David Weinberger (dweinberger) Sun 16 Mar 03 12:45
Ari (#41), thank you for the reference. Eleanor (#42), thank you for the encouragement. My problem is finding a way to talk about it that isn't tired and is engaging. And I haven't figured it out. But it's what I keep coming back to. The world is messy. Enjoy it! The Web is messy. Go forth and muss it up more! It's a good thing that the Semantic Web will never work :)
Eleanor Parker (wellelp) Sun 16 Mar 03 17:56
Speaking of messy, that segues right into my next question. One thing I've noticed is there's lots of litter on the Web.By litter I mean broken links, sites that haven't been updated since '96, a gazillion sites that require registration that never get visited again, just general debris. Is it worth cleaning up the litter? Will the litter ever get so prevalent that it impedes the natural flow of the Web? Or is litter on the Web sort of like theold time predictions about our roads being buried in horse manure: something that will never come to pass?
man with no pseudonym (cchoffme) Sun 16 Mar 03 18:13
I'd like to add on to (wellelp)'s question and ask the same thing in regards to spam and porn.

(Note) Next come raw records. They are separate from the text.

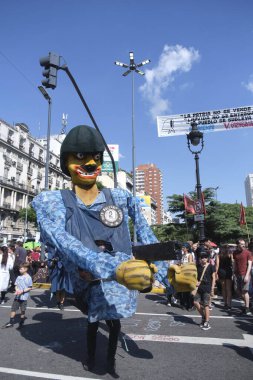 Buenos Aires, Arjantin; 24 Mart 2024: Doğruluk ve Adalet için Ulusal Anma Günü. Büyük kukla, güvenlik bakanı Patricia Bullrich 'in silahlı kuvvetlerinin bir üyesini temsil ediyor.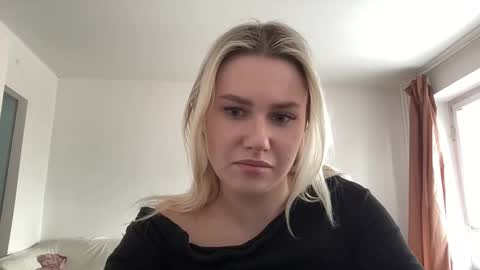 elaraluxxxe online show from 02.15.25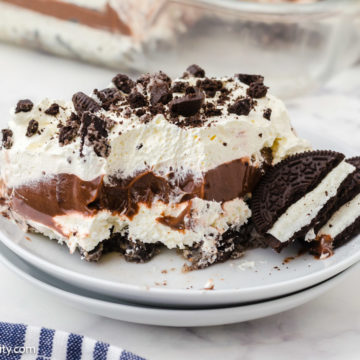 No Bake Oreo Dessert Recipe on a white plate with cookies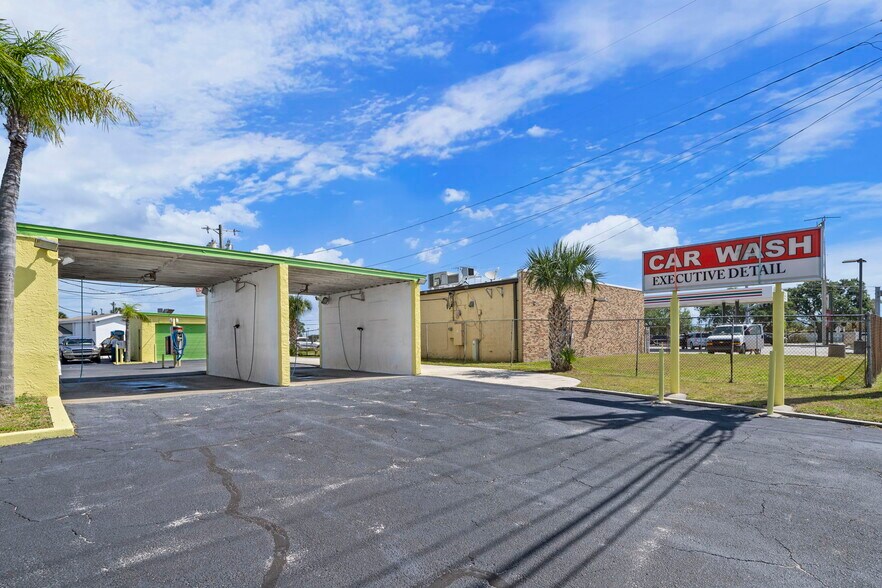 More Photos Of 100 Lucas Rd, Merritt Island Carwash For Sale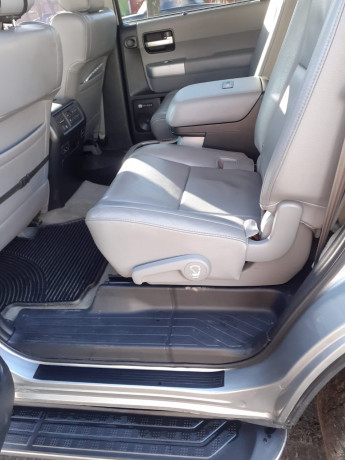 toyota-sequoia-2008-platinum-big-7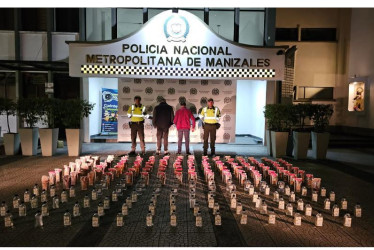 Licor adulterado decomisado en Manizales el 10 de septiembre pasado, a dos miembros del grupo, previo al operativo del 3 de octubre. No se les pidió medida de aseguramiento para no tirarse la misión. Les hallaron 18 cajas de Ron Jamaicano (RJ), Aguardiente Colombiano (AC) , Aguardiente Anisado Sello Negro y Aguardiente San Thome, más 80 botellas de AC y 120 bolsas  de RJ. 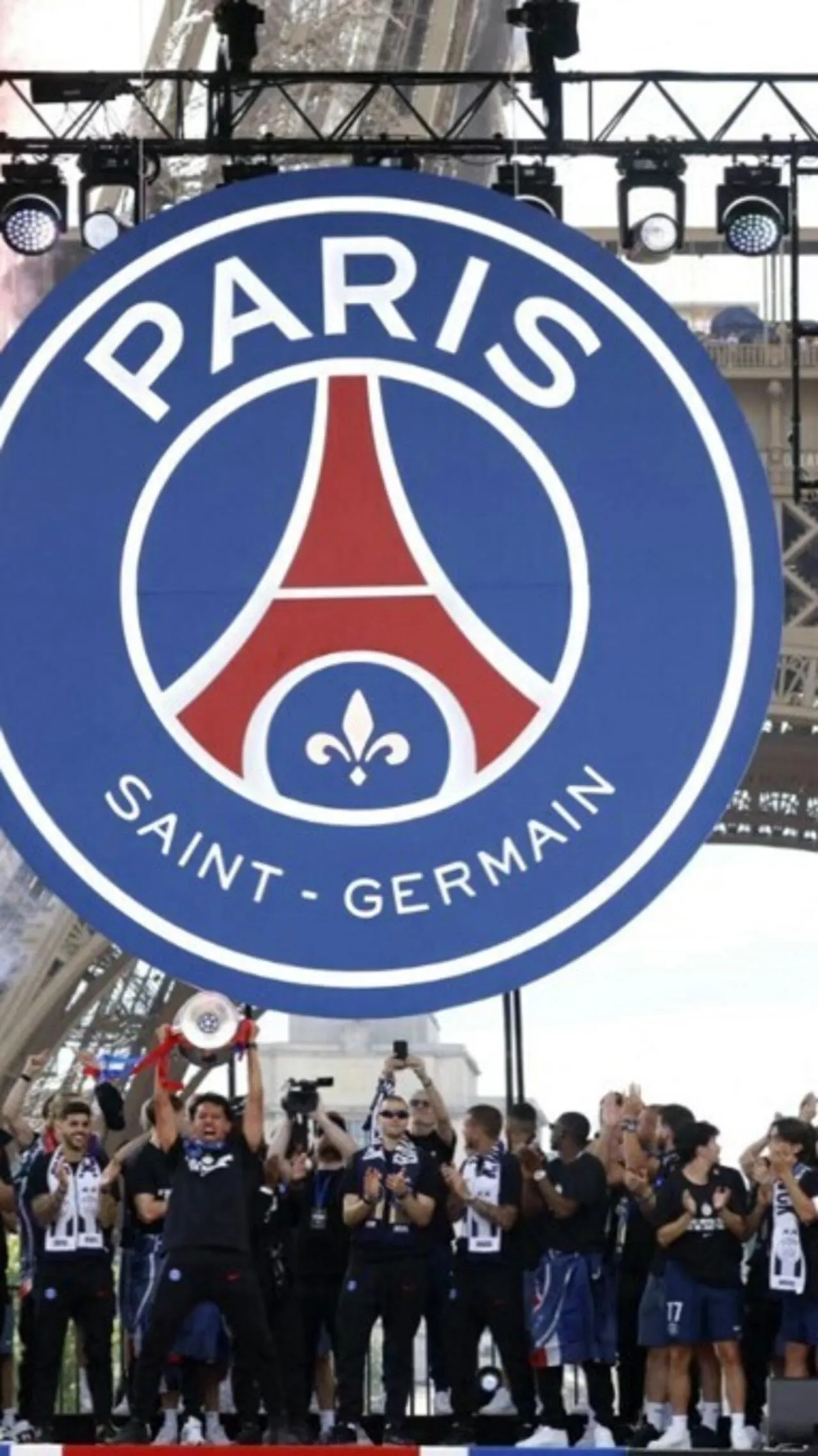 Football heroes: PSG victory toasted by thousands of fans in Paris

Jon Lebkowsky (jonl) Sun 16 Mar 03 18:33
David Weinberger (dweinberger) Mon 17 Mar 03 07:06
Yes, excellent questions! They get right at the heart of the issue. The messiness of the Web isn't extrinsic. It's part of its nature and appeal (IMO). I have no more interest in making the Web orderly than I do in filing off the rough edges of the Alps. RW libraries are clean and orderly because every book that gets shelved has gone through a central committee, has been classified, is signed out and in. Forms, controls and workflows are great for a library, but a better metaphor for the Web is: everything everyone's talking about. Conversations are messy. They contain all sorts of rumors and wrong information. They're inefficient. They're digressive. Many use highly offensive language. But would you want to pay the price for cleaning them up? Nah. Now, obviously there are times when the messiness of the Web makes it an unpleasant place to be. Spam stinks. Unwittingly stumbling on porn sites that shows you (or your children) stuff you don't want to see stinks. Spammed porns stinks squared. So, we need solutions. As per World of Ends (www.worldofends.com), I prefer solutions that work on the edges of the Net rather than imposing them on the center, but that's a preference, not an absolute. E.g., I use an excellent spam filter that runs on my own desktop (http://popfile.sourceforge.net), but perhaps a better solution would run one step closer to the center, on a corporate or ISP's server. In any case, all solutions are necessarily going to be imperfect because so much of the strength of the Web comes from the fact that it and we are fallible.
David Weinberger (dweinberger) Mon 17 Mar 03 10:12
<scribbled by jonl Mon 17 Mar 03 11:36>
Howard Rheingold (hlr) Mon 17 Mar 03 18:55
Keep pushing on that idea, David. As you know, sometimes the container for these ideas doesn't arrive until you work at it. I love the philosopher's touch you bring.
David Weinberger (dweinberger) Mon 17 Mar 03 21:06
Howard, you are a nice man. I've been through soooo many containers in the past year, trying to find a way to talk about the importance of ambiguity. I'll tell you the one I've been thinking about lately: I'm fascinated by how we ever got ourselves to the point where very smart people take seriously the idea that the universe is a computer and all that's in it is information. I can see how one could get to that point thoughtlessly, but this theory is being entertained by geniuses. It needs to be taken seriously. But I don't know enough to take it seriously. It'd be fun to learn why it's plausible.